A Bacia de Pelotas, na costa da região Sul do Brasil, começou a ganhar ainda mais atenção no setor de óleo e gás no final do ano passado, quando a Petrobrás adquiriu 29 blocos exploratórios na região. Mas o interesse por Pelotas não é de agora. O sucesso exploratório recente na Bacia do Rio Orange, na costa da Namíbia, traz expectativas de que Pelotas também tenha um grande potencial – tendo em vista que as duas regiões possuem evoluções geológicas parecidas. O geólogo Luciano Seixas explica que a ausência de uma camada de sal na Bacia de Orange permite a existência de bons armazéns arenosos de petróleo. Ainda segundo o especialista, a expectativa de que os grandes volumes lá descobertos podem ser igualmente encontrados com igual potencial no Sul do Brasil. “Pelotas parece ser tão espetacular como Orange. As fácies (feições) reservatórios, geradores e selo parecem as mesmas e mostram a quase sincronicidade desses fatores, principalmente das arquiteturas estruturais onde o petróleo é acumulado”, detalhou. Seixas afirma ainda que o Brasil não deve apostar apenas na Bacia da Foz do Amazonas, na Margem Equatorial, mas também em outras fronteiras, tais como Sergipe-Alagoas, Jacuípe, Camamu-Almada, Jequitinhonha e, mais ainda, em Pelotas.
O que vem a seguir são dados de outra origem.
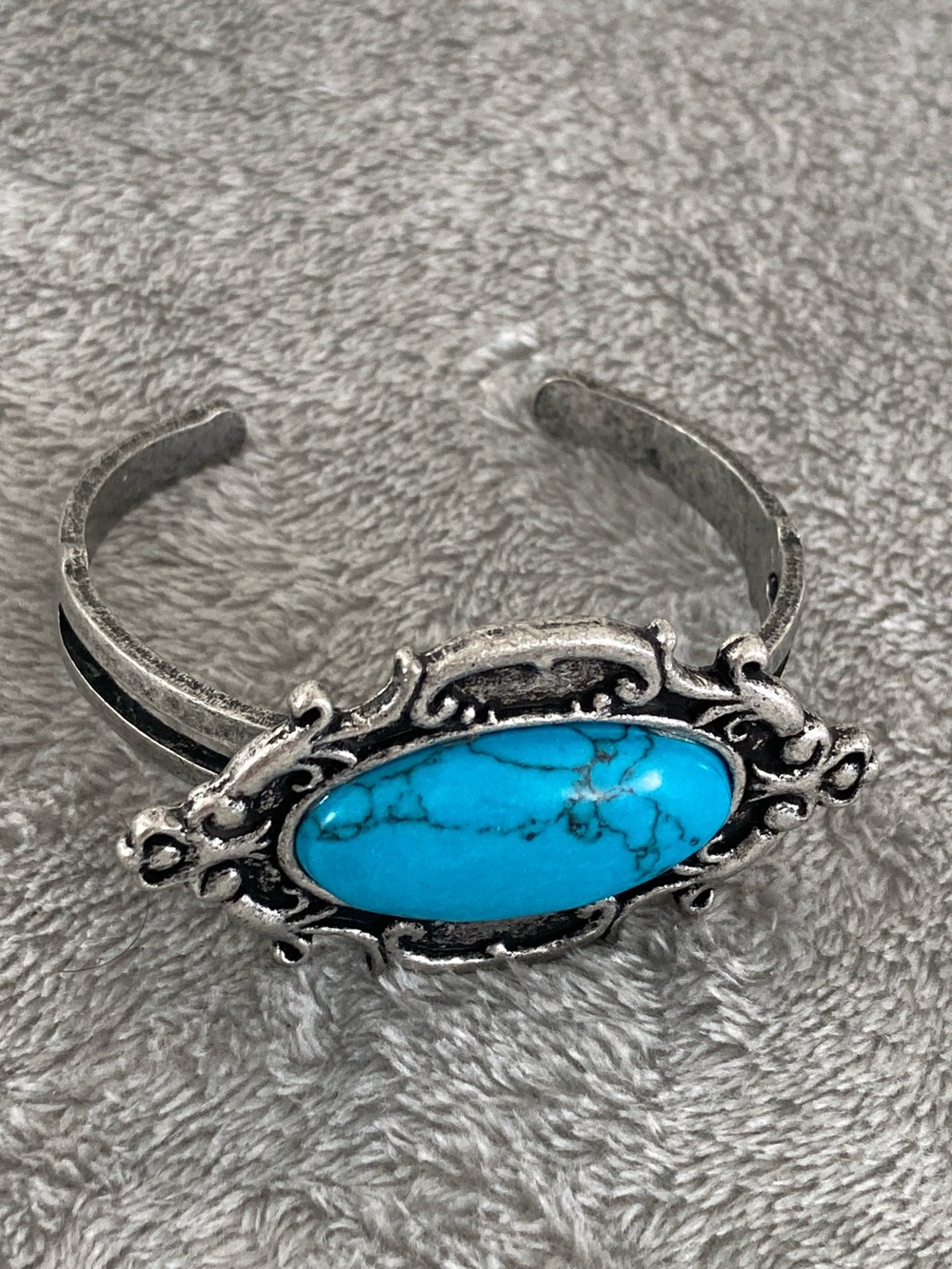 Faux turquoise stone cuff bracelet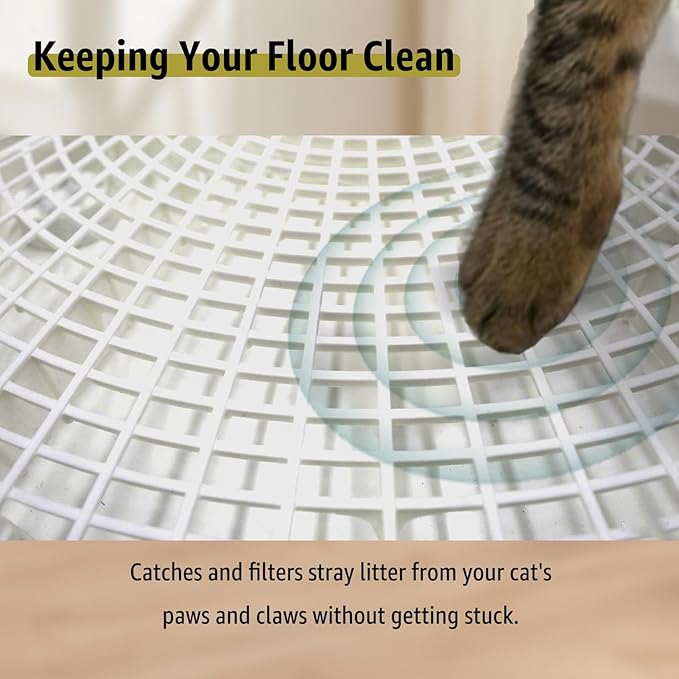 Litter Box Step, Litter Box Ramp with Anti Slip Base & Guard Cat Step 3.5 in/9 cm High – Dust‑Control Trapezoid PP Cat Ramps with 1 cm Sand Filter Gap & Removeable Design + 2 Sisal Balls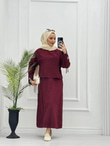 1435-Keten Takım-Bordo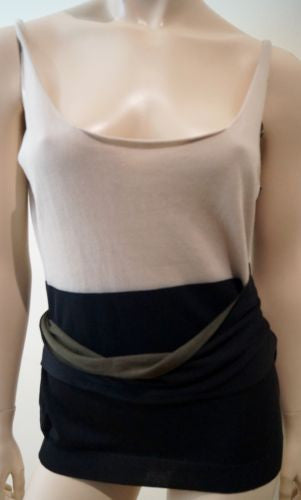 LANVIN ETE 2006 Beige & Black 100% Silk Scoop Neck Sleeveless Belt Vest Top Sz:L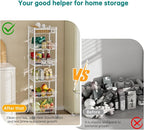 SINGAYE Shelf 6 Tier Wire Shelving Unit with Wheels Baskets Storage Rack Corner Shelves Adjustable Closet Bathroom Organizers Metal Pantry Kitchen Garage Laundry Room 13.5" D x 13.5" W x 63" H White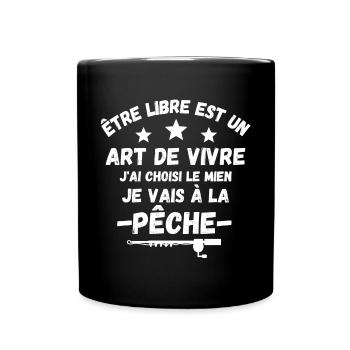 pêche, pêcheur, fan de pêche - Mug uni - noir - Devant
Para isso, segundo ele, é preciso ter mais celeridade na definição dos projetos e no licenciamento ambiental. “Desejo ver mais agilidade da Petrobrás e Ibama para definição dos prospectos de Pelotas e das demais bacias com grandes potenciais e liberação rápida da exploração. Lembrando que há correlação entre pobreza e consumo energético e de que não há progresso sem dano ambiental. O papel é mitigá-lo à exaustão, lembrando não há no Brasil registro de dano significativo causado pela exploração petrolífera”, declarou.
Como os avanços tecnológicos, incluindo a Inteligência Artificial, contribuem para nossa compreensão da geologia atualmente?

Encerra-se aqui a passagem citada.